Fangen wir mal ganz am Anfang an. In den späten 60ern und frühen 70ern, als sich vor allem in New York im starken Kontrast zur Hippie-Bewegung etwas formte, das heute als Protopunk bezeichnet wird – so etwas wie ein ideologischer Prototyp für Punk. Rauer Sound, radikale Worte und roher Ausdruck, der bis heute Punker/innen aller Generationen inspiriert.

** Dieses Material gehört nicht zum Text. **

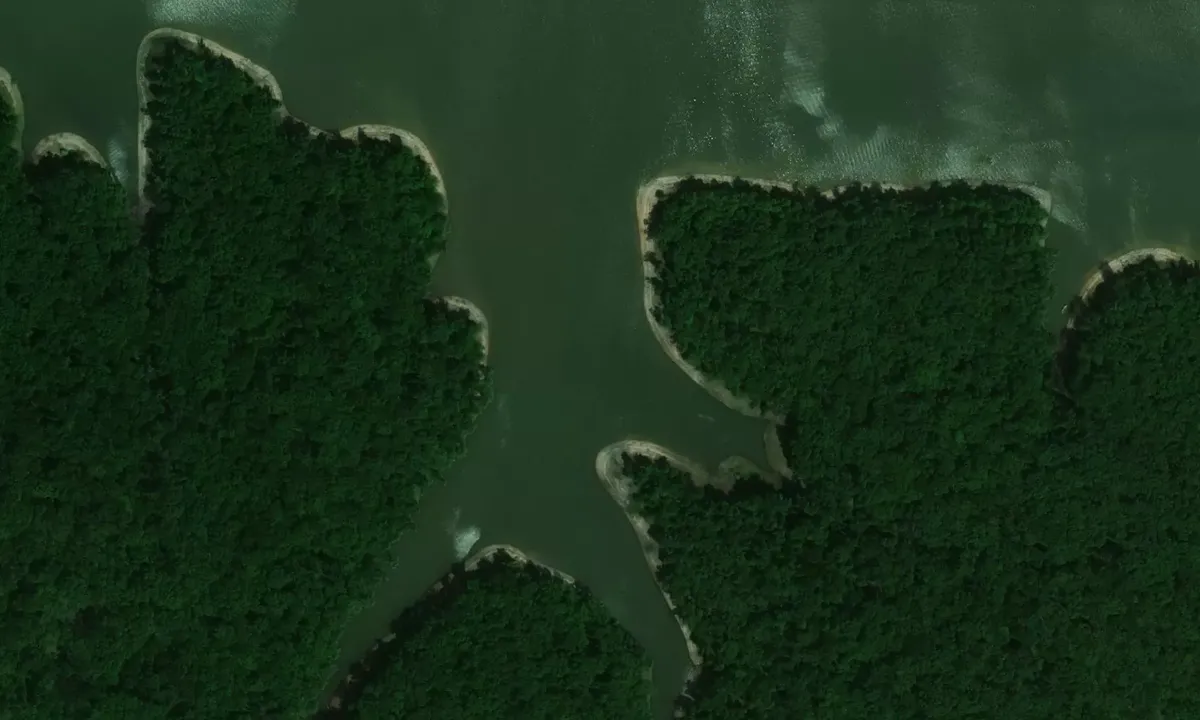 Satelite image of Jack's Cove 1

Patti Smith, die sogenannte „Godmother of Punk“, macht direkt im ersten Beispiel klar, dass bei Punk Rock Vocals wirklich alles erlaubt ist. Kaum erkennbarer Rhythmus, keine Reime, gedankenstromartiger Text, vulgäre Wortwahl und grotesker Titel. Eine radikale Rebellion gegen Dogmen in der Musik, gegen klassische Frauenbilder und Prüderie, begleitet von einer komplexen Klavierbegleitung.

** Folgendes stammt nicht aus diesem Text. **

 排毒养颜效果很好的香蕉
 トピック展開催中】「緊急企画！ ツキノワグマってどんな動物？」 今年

The Stooges mit ihrem legendären Frontmann Iggy Pop sind hier im direkten Vergleich noch verhältnismäßig konventionell unterwegs mit ihrer klassischen Rockband-Besetzung. Abgesehen davon ist jedoch an „I Wanna Be Your Dog“ kaum etwas zu entdecken, das nicht im starken Kontrast zum damaligen musikalischen Mainstream steht. Bewusst kaputter Gitarrensound, monotones und simples Arrangement, im wahrsten Sinne des Wortes eintönige Vocals und ein kritisch-kryptischer Text. Mehr gesprochen als gesungen, trotzdem mit klarer Rhythmik und einigen Reimen, aber immer noch mit klarem Fokus auf den Inhalt, Aussage und Attitüde des simpel gehaltenen Textes gehört dieser Song eindeutig zum Protopunk.

Zwei gute Beispiele für eine der Grundsäulen in der Philosophie des Punk: das bewusste Zelebrieren des Dilettantismus. Mit minimalen Mitteln ausdrucksstarke Kunst machen, die sogar von ihrer „dilettantischen“ Ausführung lebt. Das soll nicht bedeuten, dass Iggy Pop oder Patti Smith es nicht draufgehabt hätten, ganz im Gegenteil. Beide haben im Laufe ihrer Karrieren ein außergewöhnliches musikalisches und stimmliches Können unter Beweis gestellt und sich trotzdem und bewusst dagegen entschieden, ihr Können zu präsentieren. Iggy singt kaum, intoniert bewusst daneben, Patty singt gar nicht, sie spricht nicht einmal rhythmisch. Und das ist Punk as Fuck!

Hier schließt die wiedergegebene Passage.